[Captioned web images]

..........

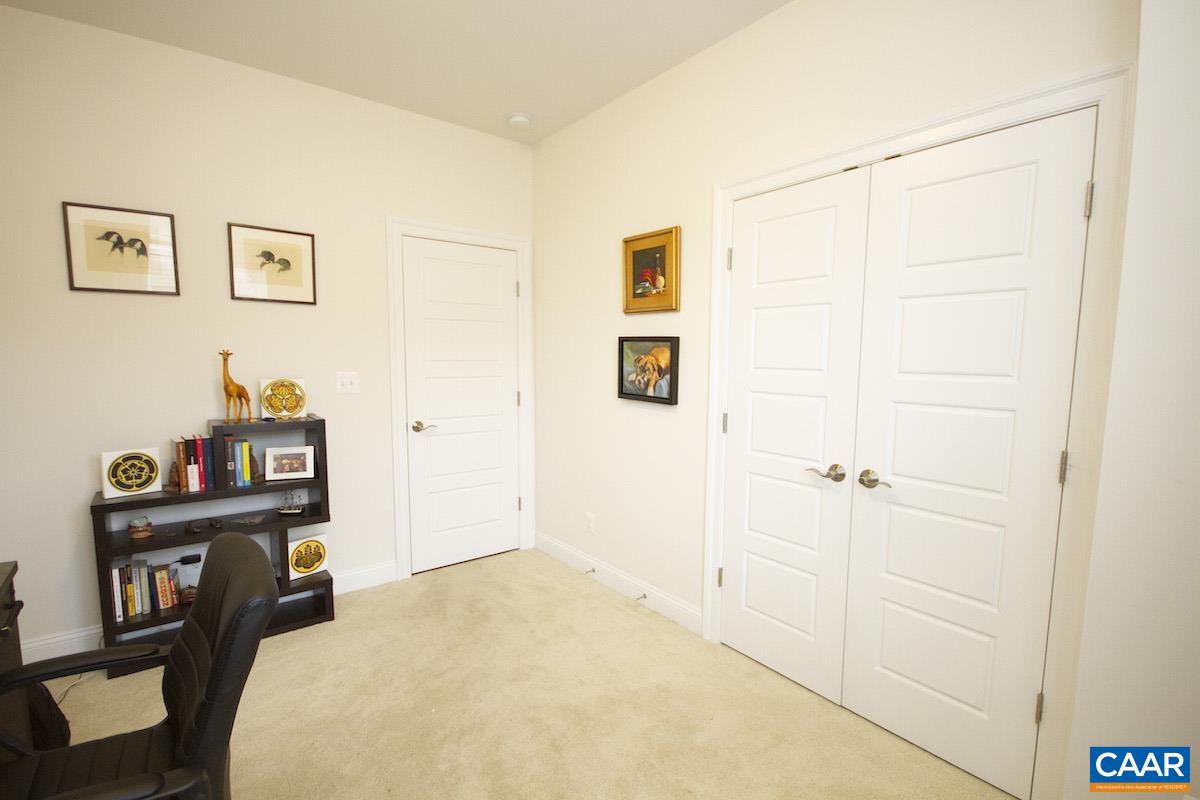 2307 Avinity Court Charlottesville, VA 22902 - Photo 16 of 35 a bed room with a bed and a book shelf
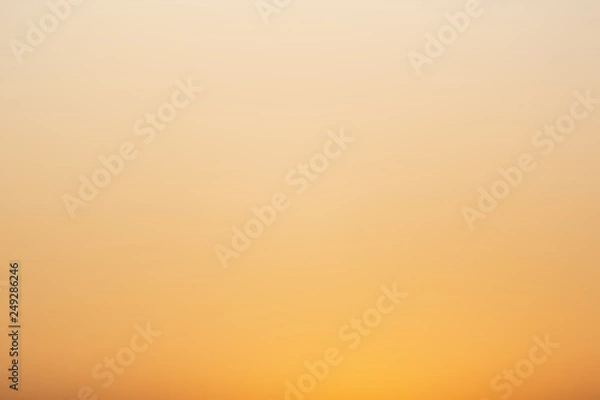 Obraz abstract blurred orange color gradient of sunset sky. abstract background, no generate color. natural colors.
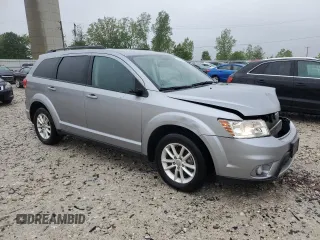 2017 Dodge Journey SXT with VIN 3C4PDCBB0HT545567, listed as a Copart auction lot 57766105 with 56,569 mi miles and Salvage title. Bid and sale history available at DreamBid. Image 4.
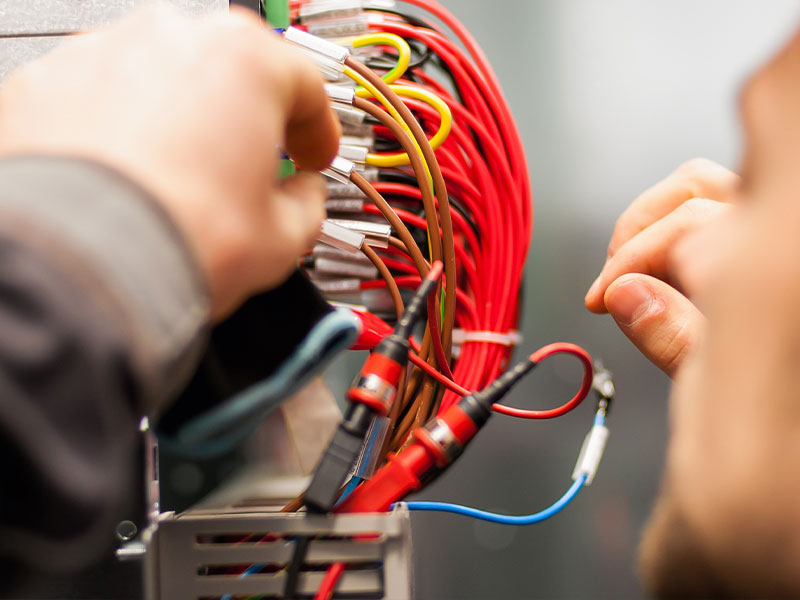 Byers Electric technician testing control panel wiring connections in a commercial electrical system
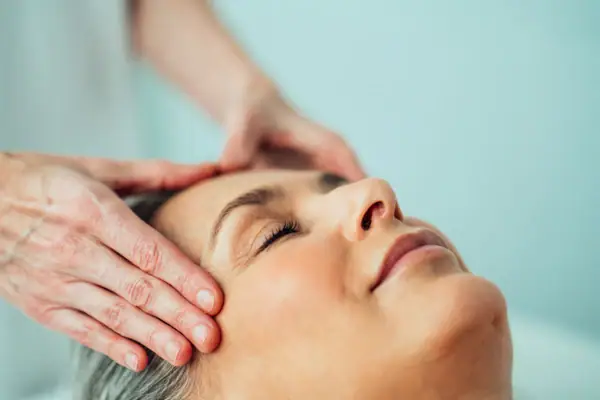 Cosmetica Iemand masseert het hoofd van een vrouw.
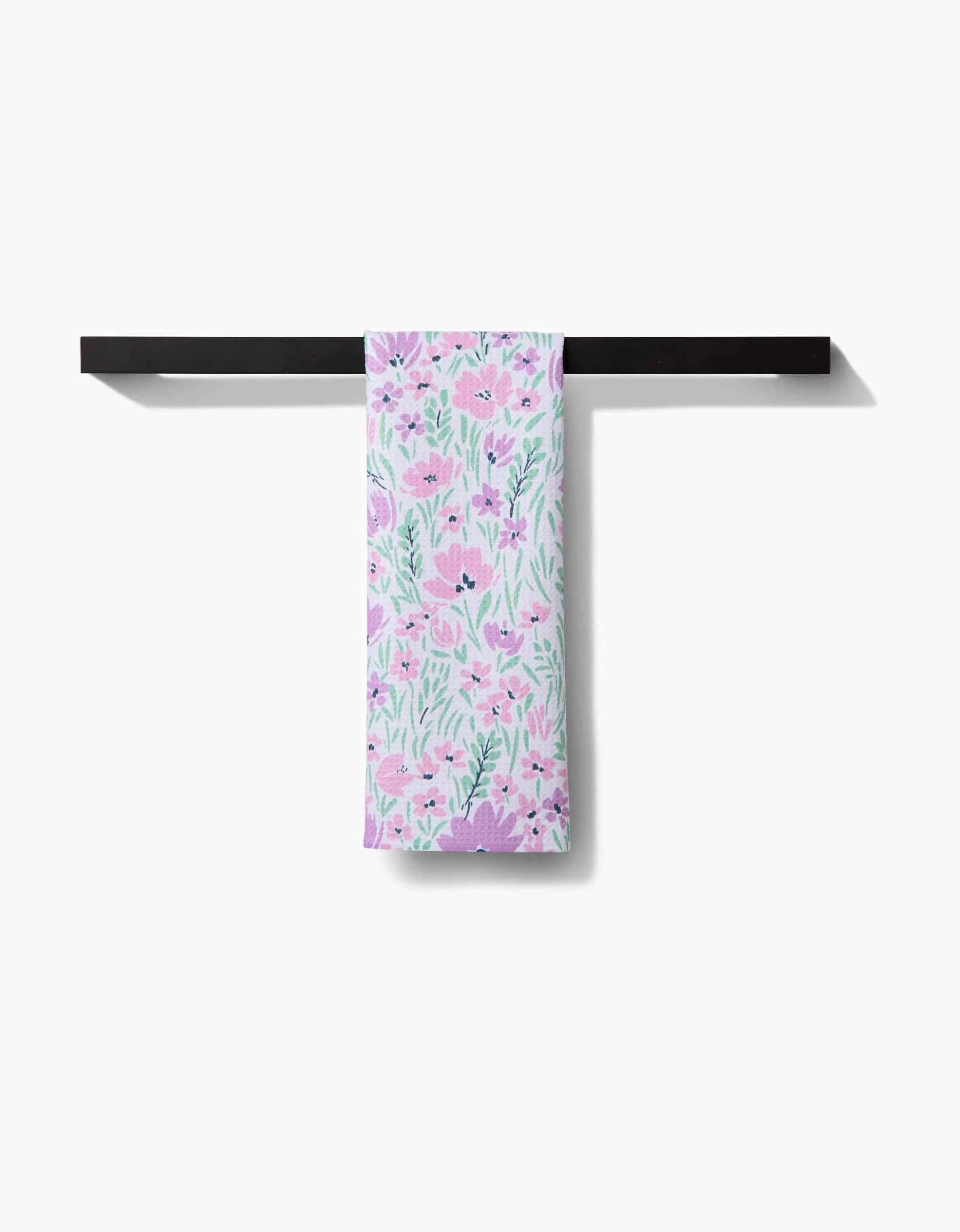 The Spring Fleur Blooms tea towel by Hufton Studio, featuring a pink and green floral design on recycled fabric, hangs neatly over a black horizontal towel rack against a white background.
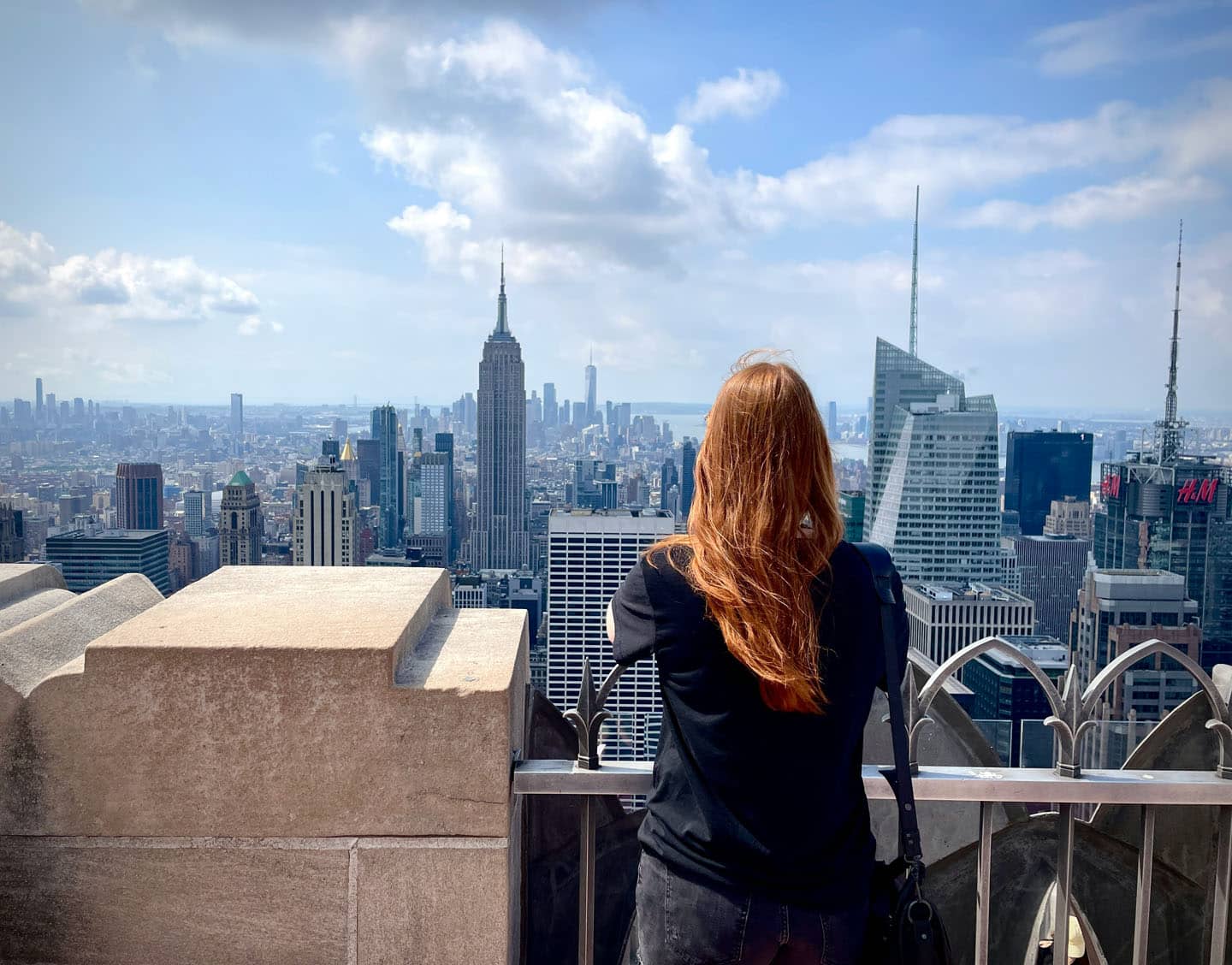 woman leaning out overlooking new york skyline and empire state building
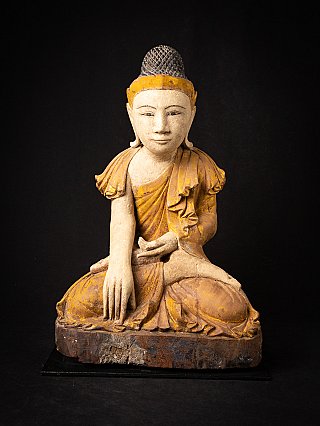 Wooden Burmese Buddha statue seated in bhumisparsha mudra, full front view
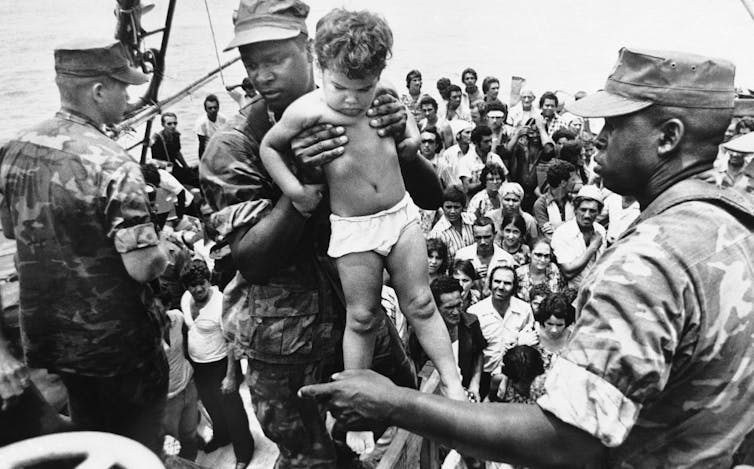 A U.S. Marine in uniform helps a Cuban toddler dressed only in a diaper off a boat.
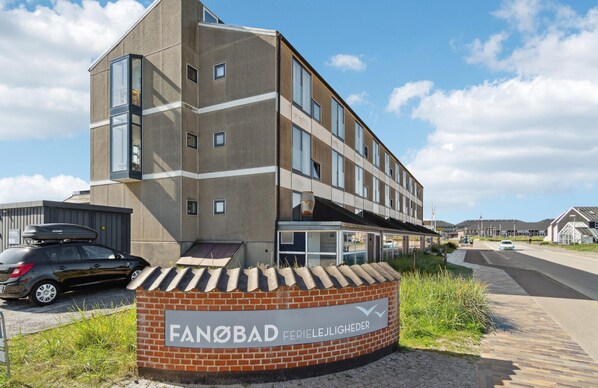 A modern building with a brick base and a glass facade, labeled "Fanobad FerieleLjigheder." - 1 bedroom awesome apartment in Fanø (Fanø)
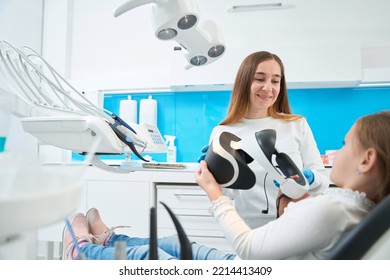 Pediatric Dentist Preparing Kid For Teeth Check-up Using Modern Technology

..........

What is needed.
Quote word for word only the lines above from the one containing "Obraz abstract blurred" through the one containing "woman leaning out". Pictures stay out of your copy.

Solved problem.
 Obraz abstract blurred orange color gradient of sunset sky. abstract background, no generate color. natural colors.
 2017 Dodge Journey SXT with VIN 3C4PDCBB0HT545567, listed as a Copart auction lot 57766105 with 56,569 mi miles and Salvage title. Bid and sale history available at DreamBid. Image 4.
 Byers Electric technician testing control panel wiring connections in a commercial electrical system
 Cosmetica Iemand masseert het hoofd van een vrouw.
 The Spring Fleur Blooms tea towel by Hufton Studio, featuring a pink and green floral design on recycled fabric, hangs neatly over a black horizontal towel rack against a white background.
 woman leaning out overlooking new york skyline and empire state building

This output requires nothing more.